A: No. Mixing the two in the same session would nulify the corrective system of Pfrimmer thereby canceling potential results. The two differ dramatically in concept and execution of technique. Swedish massage is designed to flush fluids toward the heart; PDMT to bring them into the cell. Swedish is designed for relaxation; Pfrimmer for correction.

Q: Is PDMT the same as Deep Muscle Therapy of other forms of deep tissue work?

A:  No.  Deep Muscle Massage follows the principles of Swedish Massage and is basically the same technique done more deeply.

Q: Does PDMT combine well with chiropractic and osteopathic treatments?

A: Yes! Since the skeletal & muscular systems function together, combining PDMT with chiropractic & osteopathic creates a synergistic relationship. Treatment of damaged muscles aids chiropractic & osteopathic adjustments to the skeletal system, allowing them to "hold" longer and better. Skeletal misalignments are often caused by damaged or impaired muscles. PDMT can give help at the source of many structural problems.

Q:  Does PDMT combine well with physical therapy?

A:  Yes!  The detailed handwork "inside" the muscle bundles performed with PDMT works toward restoring the health of the muscles, thus contributing to positive results in physical therapy.

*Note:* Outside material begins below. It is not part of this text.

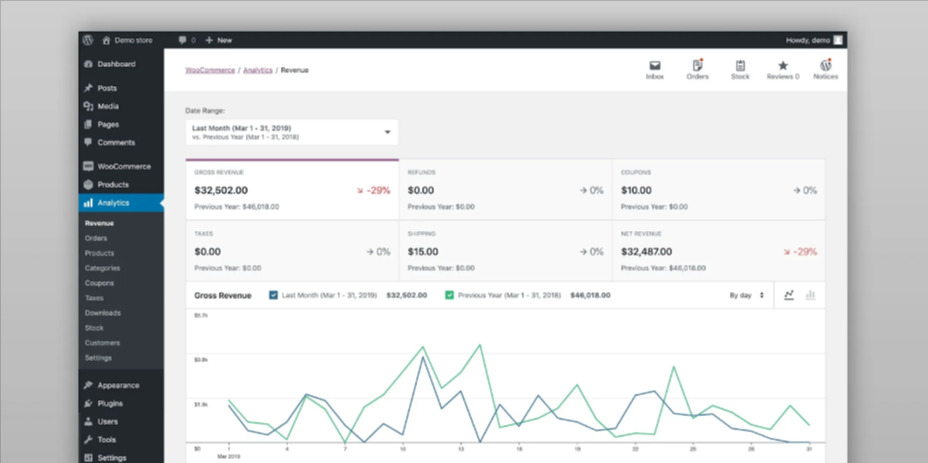 WooCommerce Ease Of Use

Q:  Does "deep" mean painful?

A:  No. Most people say that "it hurts good."  In other words, if you have a problem area, it will hurt to some degree to have it worked on, but it feels "right" to have the problem addressed.  Also, "deep" doesn't necessarily mean "hard."  With the proper technique, muscles deep in your body can be reached with a minimum of pressure.

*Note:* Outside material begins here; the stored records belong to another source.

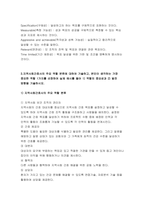 지역사회간호학 기말 2021) 1.지역사회간호사업 우선순위선정기법 BPRS 방법 2.투입-산출모형에 따른 분류 방법,지역사회간호학 목표가 갖추어야할 기준 SMART 3.지역사회간호사의 주요 역할 분류 4.지역사회 통합건강증진사업 기존 국고보조사업의 특성 비교, 지역사회 통합건강증진사업 기본 방향 5.전문간호사 주요 역할, 활동 현황, 향후 발전 방향 전망-6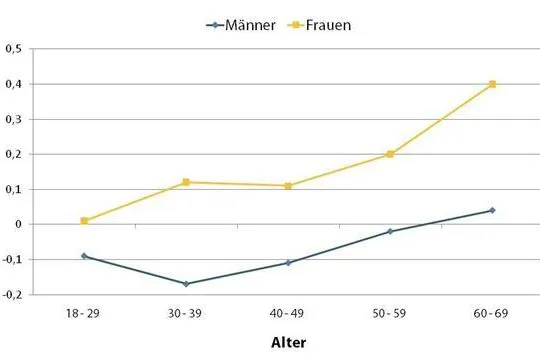 Bild: Single Frauen sind glücklicher als Single Männer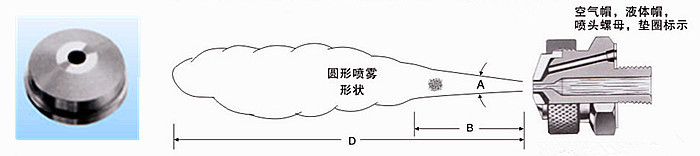 圆形空气雾化喷嘴优点与特性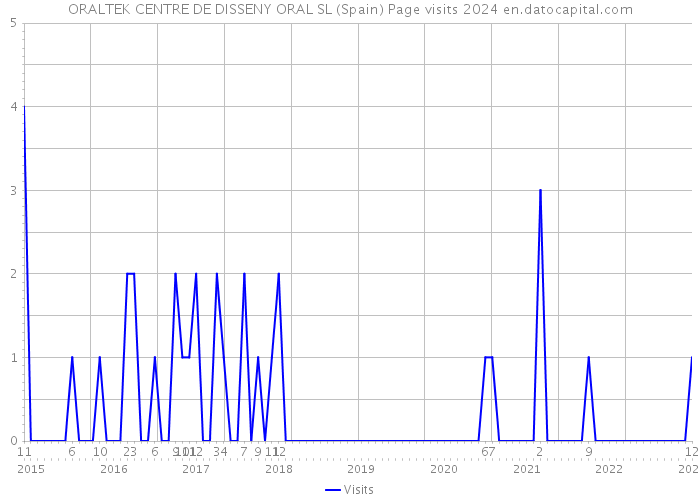 ORALTEK CENTRE DE DISSENY ORAL SL (Spain) Page visits 2024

Q:  What kind of background would a Pfrimmer Therapist likely have?

A:  High Academic standards set by AMTA (American Massage Therapy Association) schools have made it possible to train qualified massage therapists in the Pfrimmer profession.  Because of their excellent training in hand techniques and palpation, they can readily master Pfrimmer techniques.  Any potential Pfrimmer Therapist must care about people and have an inquiring mind.

Q:  What are the educational prerequisites for studying to become a Pfrimmer Therapist?

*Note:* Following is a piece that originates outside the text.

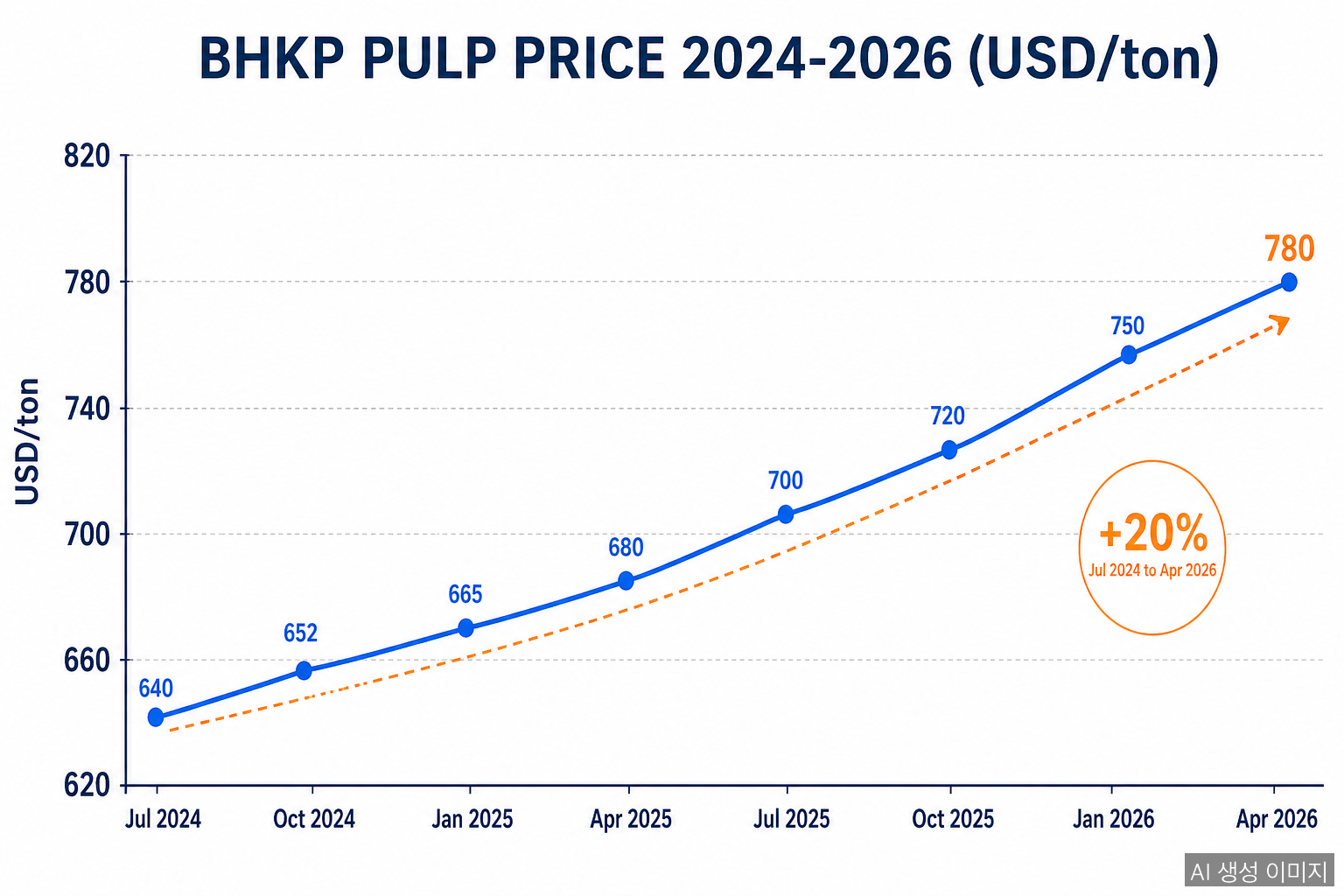 Global pulp price trend chart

A:  A minimum of 500/600 hours of formal, in-class schooling in anatomy, physiology, pathology and body work is required as a massage therapist.  Also MD, OD, DC, PA, RN, LPN, OT, & PTs are accepted in this Pfrimmer Deep Muscle Course.

Q:  When should a  doctor consider referring their patient for PDMT?

A:   Referral may be warranted for conditions involving the skeletal, muscular, neurological, circulatory or respiratory systems, or in cases where any inflammatory conditions or entrapment of nerves has occurred.  PDMT is indicated for the prevention as well as the correction of many health threatening problems.  PDMT is also beneficial for people desiring to maintain a healthy physical state.